I was just a bored pre-teen and teen, and eventually twenty-something coming home for the holidays, who would have preferred holidays with friends. After I was married in 1993, things only got more complicated as we had in-laws to work around or include. 

The holidays became fun again after my daughter arrived in 2000 and we got to play Santa, staying up too late to create that illusion for her. And I created tradition in the holiday photo cards, the matching Christmas PJs, the dividing the days family gatherings in ways that worked for everyone – sort of. Thankfully, everyone tolerated one another despite obvious differences. 

My dad died when she was six and like my childhood memories, I began to see the holiday traditions familiar to her slip away. Chris had stopped talking to his brother (and quite frankly I got sick of being the intermediary for their family and gave up trying to assure they were all together for the holidays).

Christmas 2007, our first year in Ramsey, is a nice memory. My mom was living with us and Chris had a brief reconciliation with his dad, so he joined us on Christmas Eve, his mom on Christmas Day. We continued to play Santa, although by then, I’m pretty certain she was no longer a believer.  There were the Home for the Holidays parades down Main Street that ended with Santa and hot chocolate at the fire house we did for many years. Some very cold. One year was warm; another it snowed. The December after Chris died it rained and that was that.

When my mom came to live with us, her china came with her. Although I have my own china (Lenox Maywood), for Christmas I preferred my mother’s with the gold trim. After, both my mom and Chris were gone, I put my Lenox away for my daughter and made my mother’s my own. 

While we spent the next few Christmases escaping ghosts of Christmas’ past, and then ultimately moving 800 miles away, I’m still not a big fan of the holidays. But in some effort to maintain at least one tradition, I insist we use my mother’s china – that beautifully simply gold leaf trimmed porcelain on which holiday dinner was served to my grandparents and later my daughter – no matter who is around the table. 

Perhaps I have a long standing holiday tradition that links several generations after all. 

Our Christmas table. 2023. My mother’s china.

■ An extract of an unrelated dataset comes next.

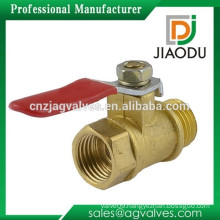 1/4" PT Male to Female Thread Red Lever Handle Full Port Brass Ball Valve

Same as shown in the photo from 1971 in the collection above. And one minor modern piece so we can share the holiday with those who can’t be there in person.


Did you really think this wasn’t going to include a fundraiser? It’s me. Of course it is! Over the course of these 60 weeks, I am hoping to raise $6000 for the children of Mercy Home for Boys & Girls (that’s just $100 a week!). To learn more about Mercy Home and my why, please visit my fundraising page. Thank you.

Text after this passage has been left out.